Die «Financial Times» berichtet nach Recherchen, dass der Iran im Geheimen im Jahr 2024 einen hochauflösenden Satelliten von dem chinesischen Unternehmen Earth Eye Co. erworben hat, um amerikanische Militärbasen anzugreifen. Überwiegend erfolgt der Verkauf über private Firmen, doch es ist wahrscheinlich, dass die chinesische Regierung zumindest Kenntnis davon hatte.
Iran nutzt den Satelliten TEE-01B bereits für Zielerkennung und Angriffsplanungen. Die iranische Weltraumabteilung der Revolutionswächter hat Zugriff auf dieses Gerät, das im Orbit ist, wodurch sie sofortige Einsätze ermöglicht und Risiken bei Starten vermeidet.
Iran profitiert zusätzlich von der Möglichkeit, die Bodeninfrastruktur von Emposat zu nutzen – einem Unternehmen mit behaupteten Verbindungen zur chinesischen Volksbefreiungsarmee. Ein US-amerikanischer Repräsentantenhaus-Ausschuss wirft diesen Beziehungen vor, strategische Interessen Chinas zu unterstützen.

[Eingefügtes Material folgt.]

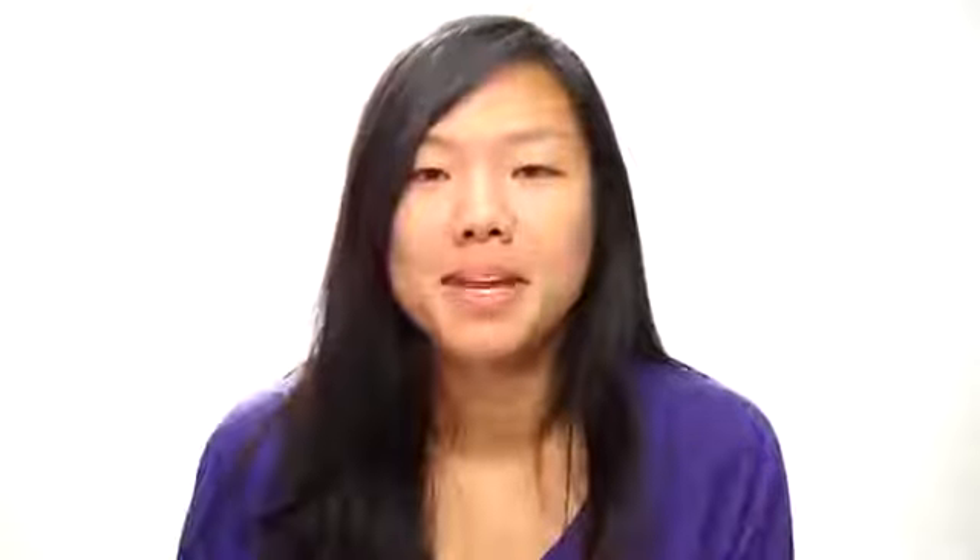I'm pretty nervous. I generally don't wear makeup. I'm very intrigued by contouring and I've never tried it before. I'm doing this today because I'm being forced to — or asked to. I've never known how to do it really. And then someone said Kim Kardashian and I was like, isn't that what she looks like all the time? Apparently, she doesn't.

Earth Eye Co. gibt auf seiner Website an, erfolgreich einen Satelliten in den Orbit gebracht zu haben, der einem Land verkauft wurde, das Teil der Belt-and-Road-Initiative (BRI) ist – ein Projekt, dem Iran seit 2016 angehört. China kontrolliert den Export von strategischen Technologien streng, weshalb die Unterstützung des Verkaufs durch staatliche Stellen wahrscheinlich ist.
Dass chinesische Technologie für Angriffe auf US-Basen in arabischen Ländern eingesetzt wird, könnte diplomatische Spannungen mit Golfstaaten wie Saudi-Arabien und den Vereinigten Arabischen Emiraten erzeugen, die enge Handelsbeziehungen zu China pflegen. Die Unterstützung Teherans durch Peking könnte daher als geopolitische Herausforderung wahrgenommen werden.